Suppose that $X$ is uniformly distributed on the integers $0$ to $9$. What is the mean of $Y=5X$?
For starters, I know that
$$f(x)=\begin{cases}\frac1{10}&\text{for }x\in\{0,\ldots,9\}\\0&\text{otherwise}\end{cases}$$
and since $Y=r(X)=5X$, we have $X=r^{-1}(Y)=\frac Y5$. But then the theorem suggests that the new variable's PMF would be
$$g(y)=\sum_{x\in r^{-1}\{y\}}f(x)=\sum_{x=0}^9f(x)$$
The sum evaluates to $1$, so I'm convinced I'm misunderstanding something important.
What does it mean to sum over all $x\in r^{-1}\{y\}$? Is it not true that $r^{-1}\{y\}=\{0,\ldots,9\}$?
I've thought about this in another way using the CDF for $X$. Letting $F(X)$ denote the CDF for $X$ and $G(Y)$ the CDF for $Y$,
$$G(y)=\mathbb P(Y\le y)=\mathbb P(5X\le y)=\mathbb P\left(X\le\dfrac y5\right)=F\left(\dfrac y5\right)$$
I know that
$$F(x)=\begin{cases}0&\text{for }x<0\\\frac n{10}&\text{for }n-1\le x<n,~n\in\{0,\ldots,9\}\\1&\text{for }9\le x\end{cases}$$
which would yield
$$F\left(\dfrac y5\right)=\begin{cases}0&\text{for }y<0\\\frac n{10}&\text{for }5n-5\le y<5n,~n\in\{0,\ldots,9\}\\1&\text{for }45\le y\end{cases}$$
and so, if I'm not mistaken, the PMF for $Y$ is
$$g(y)=\begin{cases}\frac1{10}&\text{for }y\in\{0,5,\ldots,45\}\\0&\text{otherwise}\end{cases}$$
If this is correct, then
how do I arrive at this result using the theorem from the provided link?

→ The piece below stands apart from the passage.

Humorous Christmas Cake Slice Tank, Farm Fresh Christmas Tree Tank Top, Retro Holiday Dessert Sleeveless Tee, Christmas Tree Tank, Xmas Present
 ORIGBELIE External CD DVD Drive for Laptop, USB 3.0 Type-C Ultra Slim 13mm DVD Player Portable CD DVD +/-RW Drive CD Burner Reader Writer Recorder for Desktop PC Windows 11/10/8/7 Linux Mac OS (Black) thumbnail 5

The support of $X$, which I denote $\mathcal{X}$, is $\{0, 1, \dots, 9\}$.
The image of $\mathcal{X}$ induced by $r$ is $r(\mathcal{X}) = \{0, 5, \dots, 45\}$. These are the elements $y$ that are being referred to. Let's let $Y = \{0, 5, \dots, 45\}$.
The inverse image of $Y$ is given by $r^{-1}(Y) = \{0, 1, \dots, 9\}$, which is simply $\mathcal{X}$.
Here's how the definition $$g(y) = \sum_{x \in r^{-1}(\{y\})}f(x)$$ works. Notice that $\{y\}$ is a singleton set - i.e., $y$ is only one value.
Fix $y$. We know that $y$ can be any one of the values $\{0, 5, \dots, 45\}$.
Thus, for example, $$g(0) = \sum_{x \in r^{-1}(\{0\})}f(x)\text{.}$$
What is the inverse image of $\{0\}$ induced by $r$? It is just $\{0\}$. Hence, $$g(0) = \sum_{x \in r^{-1}(\{0\})}f(x)=f(0)\text{.}$$ Next, $$g(5) = \sum_{x \in r^{-1}(\{5\})}f(x) = f(1)$$ since $r^{-1}(\{5\}) = 1$.
Keep doing this for every one of the ten values in $Y$.